GIVEN DATA:
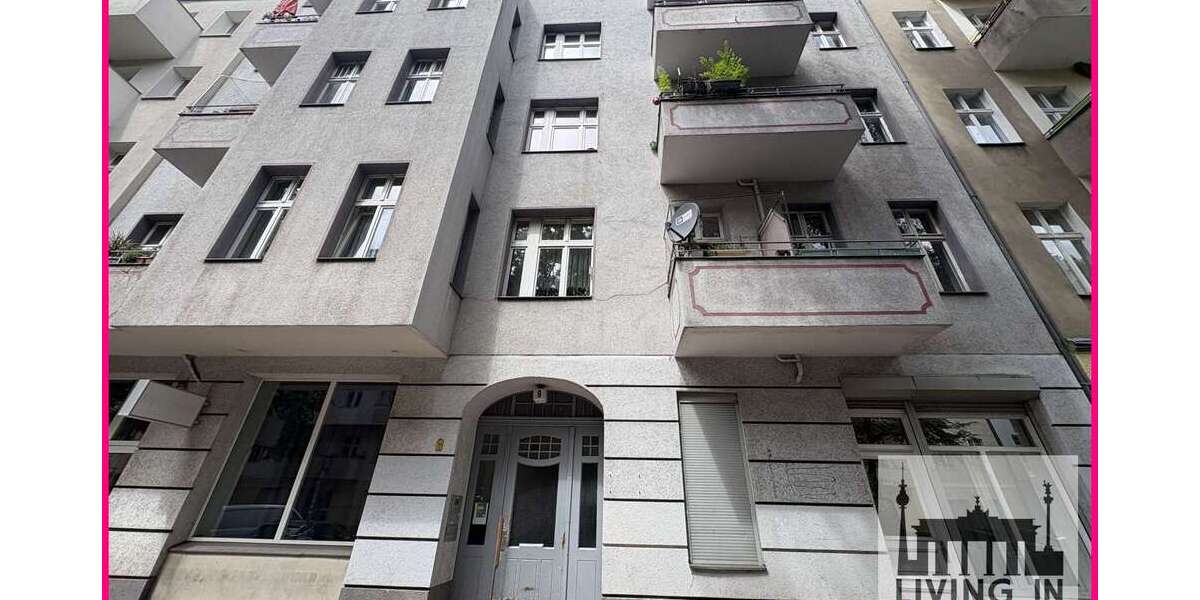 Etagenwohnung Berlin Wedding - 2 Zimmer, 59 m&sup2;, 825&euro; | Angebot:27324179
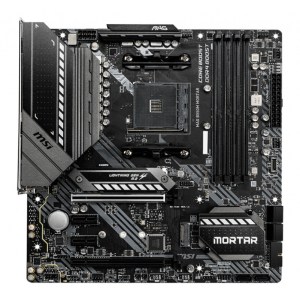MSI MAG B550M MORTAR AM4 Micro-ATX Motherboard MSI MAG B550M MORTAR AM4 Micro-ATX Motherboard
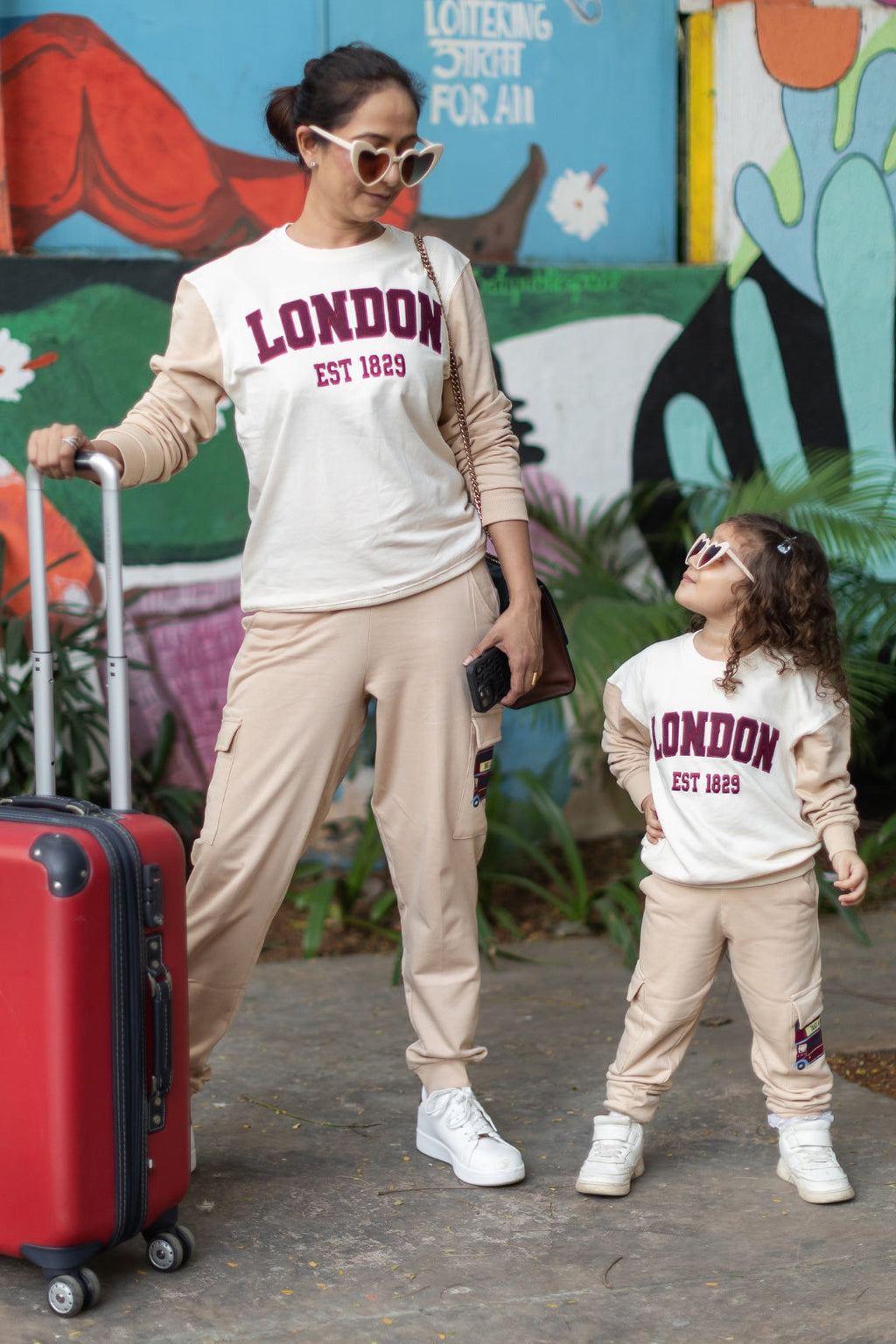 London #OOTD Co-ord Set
--
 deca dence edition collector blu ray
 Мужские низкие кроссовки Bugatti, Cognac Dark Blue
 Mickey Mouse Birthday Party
==
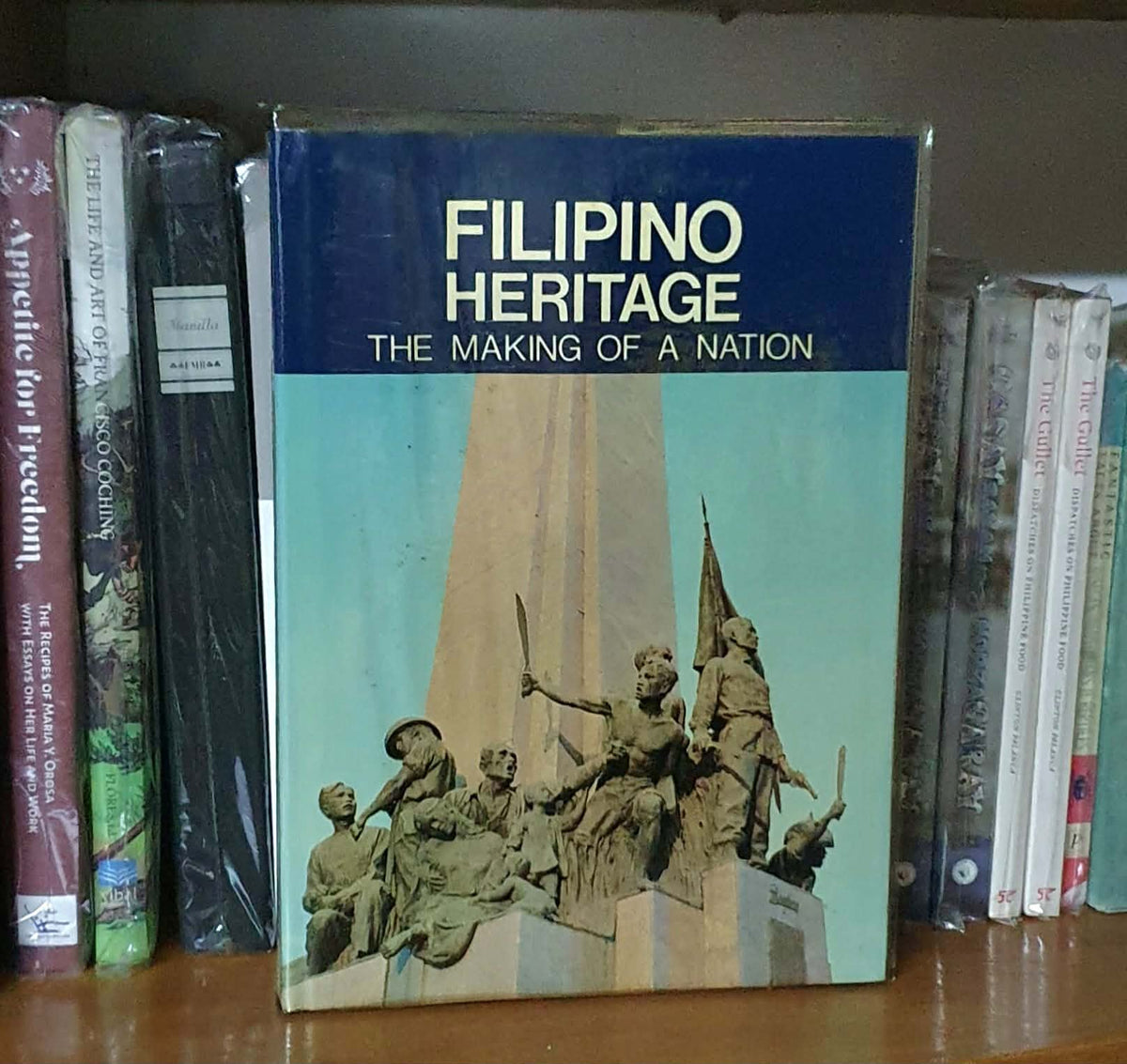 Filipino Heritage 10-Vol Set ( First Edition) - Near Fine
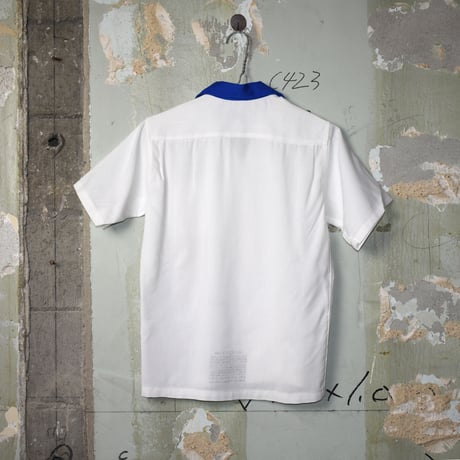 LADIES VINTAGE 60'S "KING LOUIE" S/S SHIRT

YOUR TASK:
What to print is the stretch of entries from the line with "Etagenwohnung Berlin Wedding" up to and including the line with "London #OOTD Co-ord Set". Please print it exactly and leave out the pictures.

TASK RESULT:
 Etagenwohnung Berlin Wedding - 2 Zimmer, 59 m&sup2;, 825&euro; | Angebot:27324179
MSI MAG B550M MORTAR AM4 Micro-ATX Motherboard MSI MAG B550M MORTAR AM4 Micro-ATX Motherboard
 London #OOTD Co-ord Set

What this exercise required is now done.